EL DULCE ENCANTO DE LO COTIDIANO

por

Roger Vilain

-Roger Vilain-
Twitter: @rvilain1

    Tengo la impresión de que esa cosa llamada realidad a veces nos pone de cabeza. Muchos creen que lo extraño o lo insólito, situaciones cargadas de pólvora que terminan haciendo bum por el lado más flaco, sólo ocurren cada tantos años.

    Jejeje, y se equivocan, por supuesto. Juro y rejuro que este mundo posee menos compartimentos estancos de los que te imaginas. Lo uno y lo otro viven abrazados, besuqueándose a plena luz del día y allá tú si esperas la noche, sus embrujos, sus mitos o sus sombras para darte de bruces con lo inesperado.

    En lo que a mí respecta -como diría un señor muy serio y para remate rascándose las barbas y enarcando mucho las cejas- soy la abstención completa en tales menesteres. Traducido a mi lengua: conmigo no cuenten para eso. A diario lo más raro del universo cabe entero por la hendija de lo cotidiano, de modo que olvídate de lo demás: a mediodía, a cualquier hora de la tarde o mientras disfrutas del café luego del almuerzo ahí está, la caja de Pandora libera sus aromas, suelta sus demonios, entra de cabeza -por puerta principal o por ventanas- a la sala y se acomoda sin vergüenza en el sofá frente a la tele. Dime tú qué le podemos hacer.

    De niño tenía la seguridad de que la vida era un gigantesco plató de filmación. Cuanto hacías o dejabas de hacer siempre iba a parar al lente de una Sony, manejado con habilidad por el Fellini de turno, así que vivir consistía en sumergirse hasta las narices en una película sin fin. Después me dio por pensar que en la calle todo automóvil implicaba la versión menos humana de ciertos personajes conocidos. Mirar de frente al Ford Fairlane 78 impresionaba por el parecido con el tío Francisco. El parachoques, los focos, la cara del Fiat Superfiorino del 80 expresaba el vivo retrato del primo Edgar, y así. 

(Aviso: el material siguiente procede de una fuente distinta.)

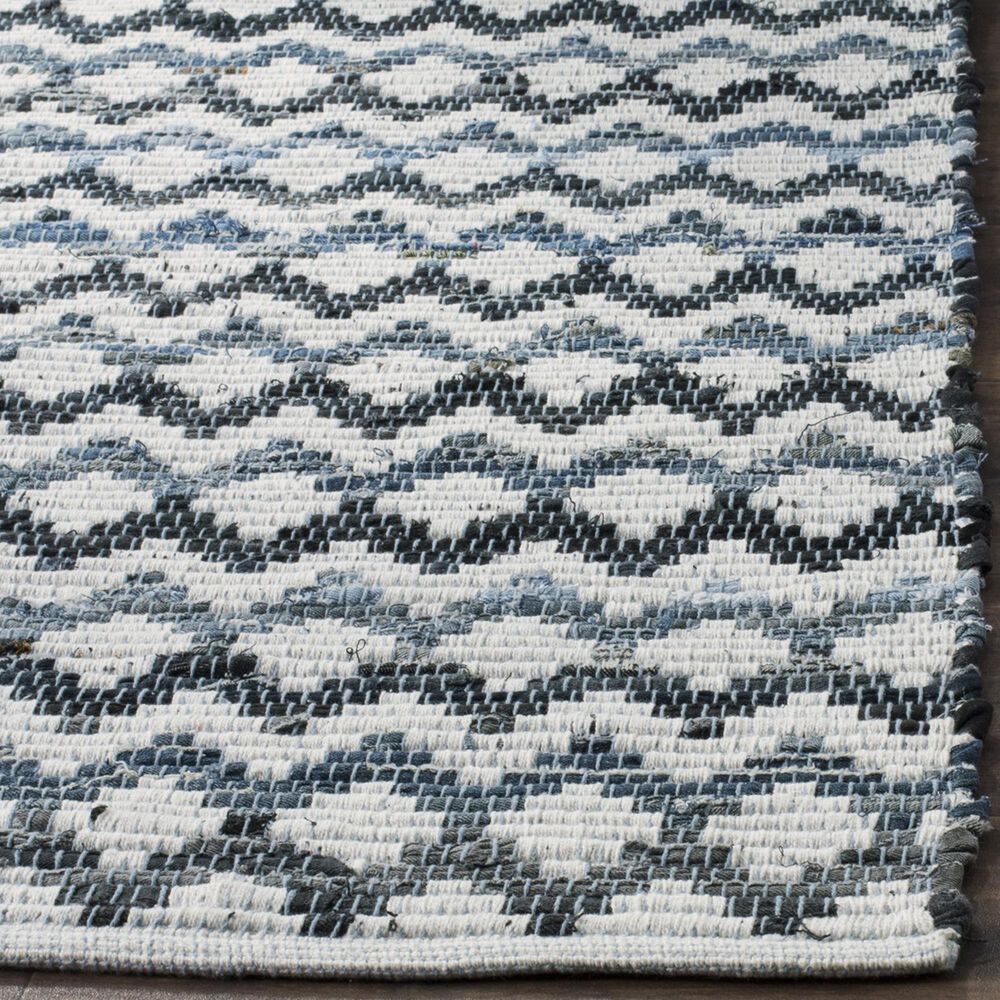 Safavieh Montauk Chevron 10&#39; x 14&#39; Ivory, Blue and Black Area Rug, , large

    Más adelante, quizás a los once o doce años, gocé encontrando a mis actrices favoritas. No me lo creerás pero en la calle Miranda de Upata, justo a media cuadra de la plaza, topé de frente con Ursula Andress. En cierto punto del mercado, por la esquina de la Ayacucho, noté que caminaba hacia mí nada menos que Uschi Digard, con sus piernas de infarto, culpable de sueños eróticos a diario. Y sólo para darles otro ejemplo, en plena adolescencia me divertí hasta lo indecible sentado en algún banco y mirando los zapatos de algunos caminantes. Imaginaba el rostro de la joven, del chiquillo andando con su madre o de ese anciano que lucía bastón, anteojos y mocasines brillantes y de trenzas. Al cerrar los ojos y soñar fisonomías, y luego abrirlos, tenía enfrente la cara que daba por exacta mi elección. Créeme que todavía hoy experimento asuntos similares pero no, qué va, olvídate de que los cuente aquí.

    Hay escritores, pongo por caso, que se dicen hacedores de historias sobrenaturales. Bien por ellos. A mí me parece un disparate semejante afirmación, sobre todo cuando la rutina, esa señora desdentada tan llena de bostezos para tantos, en verdad acaba por obsequiarte una patada en la nariz.  Leía el otro día a Juan José Millás y como liebre saltó a la palma de mi mano una frase que fue bala en el centro de la diana: “existen autores que buscan la puerta de lo fantástico. Yo busco la puerta de la realidad”. Entonces dije hay que ver, mira a este individuo que anda por ahí con muchísimo en común contigo, y qué bueno y qué divertido sería convidarlo a un café, a una cerveza o lo que sea, mientras enciendes tu tabaco y charlan de lo que les dé la gana.

    Aquí, sentado en esta mesa que da al fondo de una terraza adornada con calefactores llamativos y macetas de flores apiñadas, distingo a un hombre embutido en sobretodo negro. Lleva lentes, hojea el periódico, usa bufanda gris y observo un libro -no alcanzo a leer cuál- a un lado de su taza. Juan José Millás goza tanto de la tarde como yo.